The economic costs of the sanctions are “minimal” at this point, tweeted Amanda Sloat, a senior fellow at the Brookings Institution who’s an expert on US policy towards Turkey. She explained that the important focus would be against whom the sanctions were levied; in this case, Turkish interior, defense, and energy ministers.

Erdogan has repeatedly said that Turkey won't be stopped in its Syrian invasion; last week, Erdogan said in a speech that Turkey "will never stop this step. We will not stop no matter what anyone says," the Associated Press reported - the same day Treasury Secretary Steven Mnuchin said that the US had planned crippling sanctions against Turkey, but wasn't yet putting them into effect.

Erdogan has not cowed in the face of rebuke, telling European countries who criticized his decision to invade Syria that he would send Syrian refugees living in Turkey into Europe. Even after the sanctions were announced, Turkish troops continue their march into Syria, with video showing Turkish-supported forces in the city of Manbij, where nearby US forces recently departed. US and Turkish troops had engaged in joint patrols there, Reuters reports, part of an effort to convince Erdogan not to invade.

"Erdogan is not going to be intimidated right now by sanctions, because he wants a cordon sanitaire," Ambassador Theodore Kattouf, president of Amideast, told PBS Newshour, referring to the proposed buffer zone that Erdogan wants in northeastern Syria. "And it won't take him forever to get that done."

Turkey wants to establish a so-called "safe zone" along the Syria border with the intent of resettling millions of Syrian refugees. The country views Kurdish soverneigty as a threat and is wary of the People's Protection Units, or YPG, because of their ties to the Kurdistan Worker's Party that Turkey and the US consider a terrorist organization.
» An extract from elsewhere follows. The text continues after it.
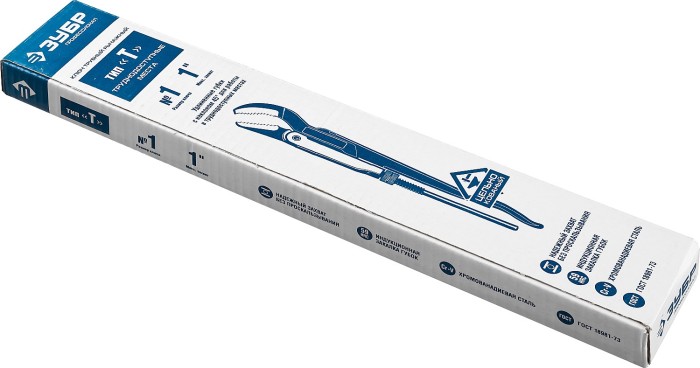 ЗУБР №1 1” Cr-V ключ трубный рычажный 27337-1_z01 Профессионал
So far, the sanctions seem to be having little effect on Turkey, either militarily or economically, although the US has threatened further sanctions and called for an immediate ceasefire.

According to The Financial Times, the Turkish Lira was actually up against the dollar on Tuesday after sanctions - including a return to 50% tariffs on Turkey's steel exports and stopping "a $100bn trade deal" between the two countries - took effect.

Maryland Sen. Chris Van Hollen, a Democrat who along with Sen. Lindsey Grahan (R-S.C.) suggested much stronger sanctions against Erdogan and the Turkish military last week, called Trump's sanctions "pathetic," adding that Trump still plans to meet Erdogan in November. According to the Department of Commerce, Turkey's steel exports to all countries only account for 7.6% of its total exports, and the US market made up 5% of Turkey's steel export sales.

But it's unclear if further sanctions will stop Turkey's invasion, as Aaron Stein, director of the Middle East program at the Foreign Policy Research Institute told Reuters.

"The only thing that will stop them is if the regime or the Russians move in significant numbers to where they stop."